Investors of the latter category, who have bought stakes into richly valued companies will find themselves on the wrong end of an investment over time – the losing end. Why? When one buys stocks which are richly valued, without that margin of safety Ben Graham so often advocates, the result is a portfolio of stocks which have a negative expected return. It is akin to playing a game of roulette without ever a chance of winning over a large number of attempts.

But if you are willing to buy into stocks which represent risk-rewards ratios of $1 to $3, which are likely to be undervalued, while you will take the hit as markets plunge, you will find many of these companies recovering. And you can go by any well established notions of value and you will do well. Be it a low price to book stock or stocks trading at low price to earnings, such portfolios will systematically beat the markets over the long run.

Value Investing Beats The Markets Systematically

Perhaps it is an oversimplification on my part on the idea of investing intelligently and beating the markets. But the literature is all out there. Value investing will beat the market systematically over the time.
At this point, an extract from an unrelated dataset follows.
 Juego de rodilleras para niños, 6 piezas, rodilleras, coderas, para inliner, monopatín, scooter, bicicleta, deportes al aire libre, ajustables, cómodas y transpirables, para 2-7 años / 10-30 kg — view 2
While some investors have lamented that value hasn’t been performing all that well over the last decade, that is also a result of  speculative markets driven in part by easy credit. I am confident that value will prevail again as it always has. Forget the last 10 years. Look ahead to the next 10 years and beyond.

As always, may you be blessed with prosperity, health and happiness!

You may want to read this article on equanimity next. It puts one in the right perspective to be when a bear market really does hit us.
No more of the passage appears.